International career^{‡}
- 2019–: Djibouti / 6 / (1)

= Haroun Mohamed =

French/Djiboutian footballer (born 1998)

Haroun Kadamy Youssouf (born 11 April 1998), commonly known as Haroun Mohamed, is a French-Djiboutian professionnel footballer who plays as a midfielder for Belgian club La Louvière Centre and the Djibouti national team

==Club career==
In January 2020, Mohamed moved from ES Cesson VSD to CO Vincennes. By January 2021, he had moved on to La Louvière Centre in the Belgian National Division 1.

==International career==
Mohamed made his senior international debut on 7 December 2019, in a 2019 CECAFA Cup match against Somalia. Eight days later he scored his first international goal in the same tournament, Djibouti's only goal in a 4–1 defeat to Uganda.
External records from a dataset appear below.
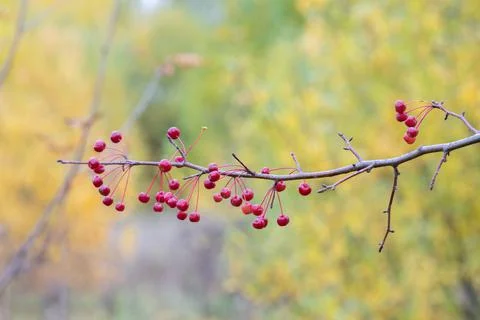 Selective focus, small red fruits of an apple tree in close-up on a branch. A Stock Photos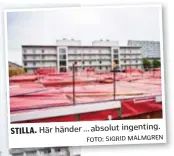  ??  ?? STILLA. Här händer … absolut ingenting. FOTO: SIGRID MALMGREN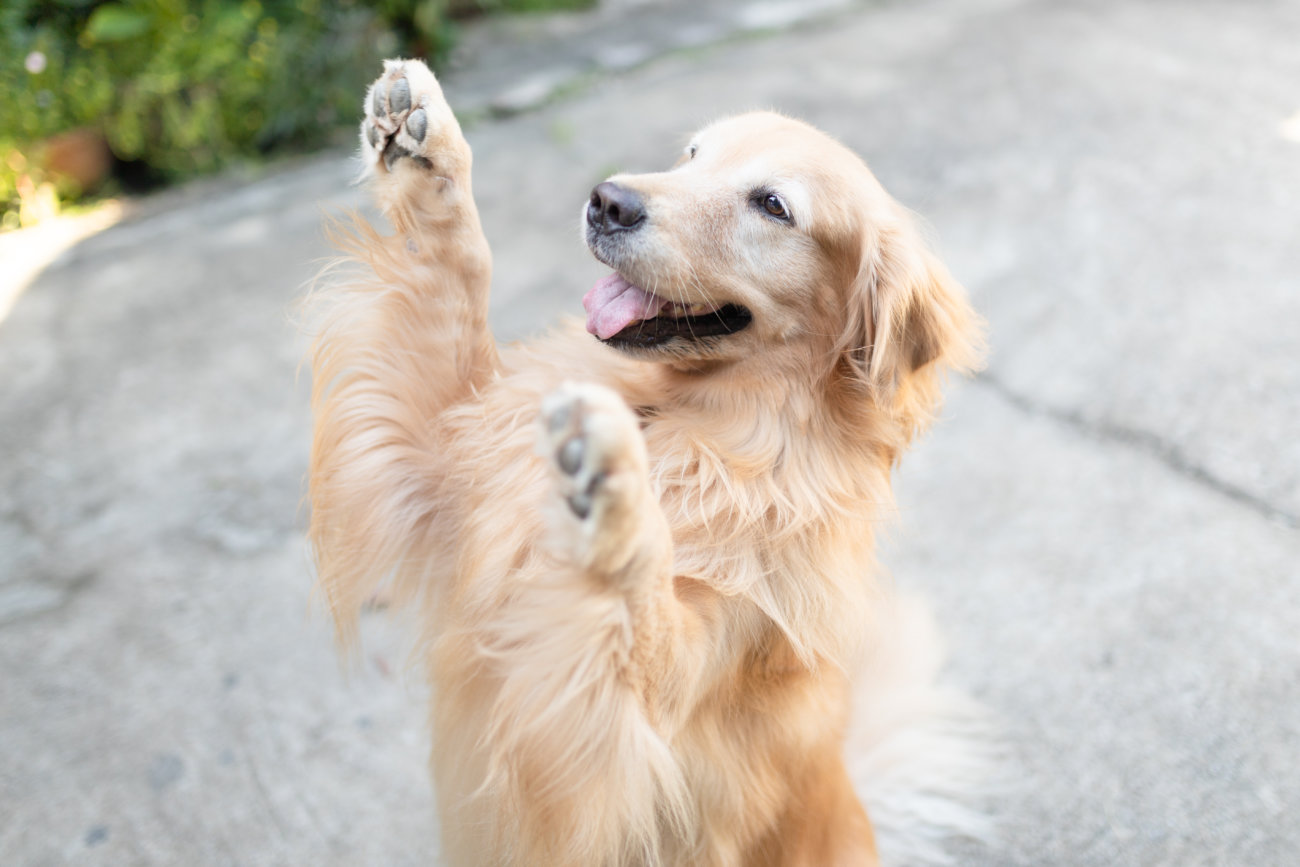 レトリーバー,ジアイーノ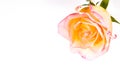 Red yellow rose over white Royalty Free Stock Photo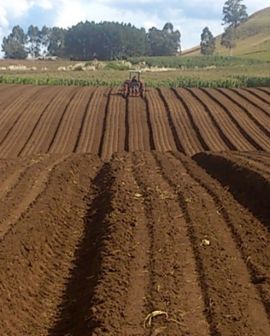 Imagem de Cerrado: preparação para plantio de soja iniciará em breve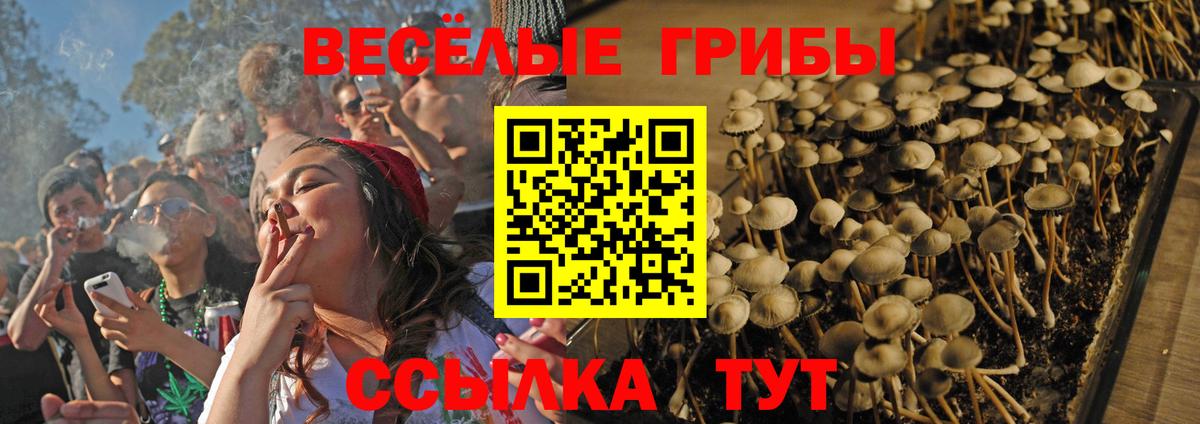 Псилоцибиновые грибы MAGIC MUSHROOMS Кропоткин
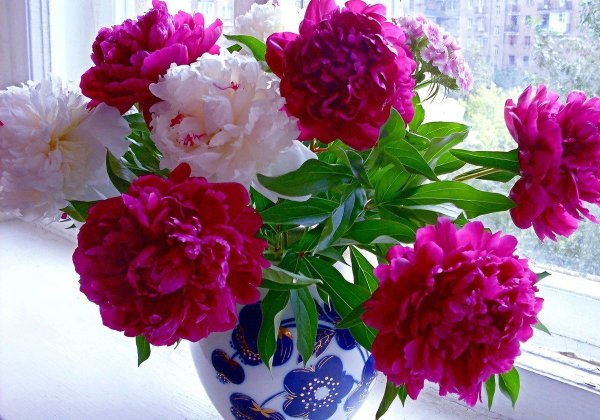 Пионы с пожеланиями хорошего дня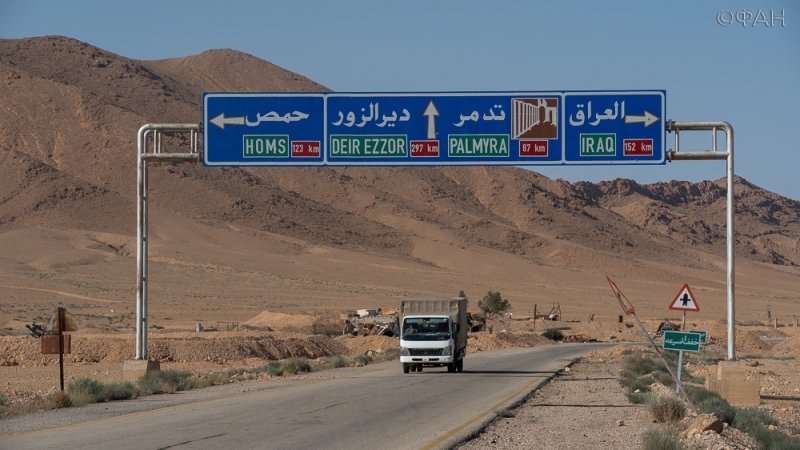 Пальмира: сирийские беженцы возвращаются в освобожденный город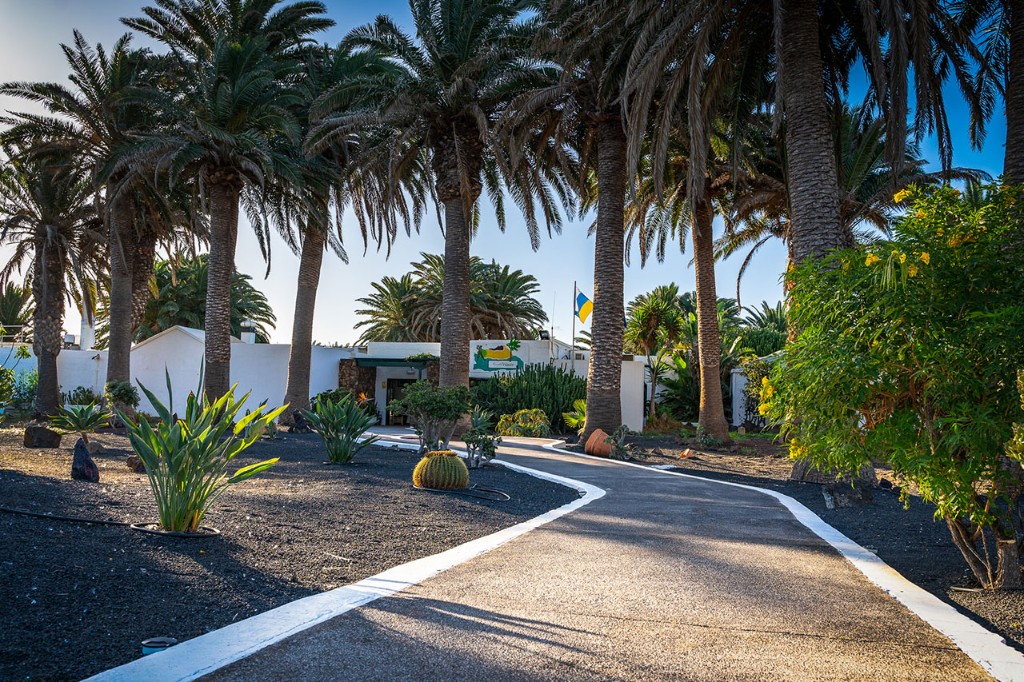 LISTADO PROVISIONAL INSCRITOS CAT. ORO (SÁBADO) - I Prueba Circuito Amateur Regional - Costa Teguise Golf - 21 Y 22 de marzo 2026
At the time, he was one of only two Djibouti internationals playing abroad, along with Warsama Hassan.

==Career statistics==
===International===

Appearances and goals by national team and year
| National team | Year | Apps | Goals |
|---|---|---|---|
| Djibouti | 2014 | 4 | 1 |
| Total |  | 4 | 1 |

Scores and results list Djibouti's goal tally first, score column indicates score after each Mohamed goal.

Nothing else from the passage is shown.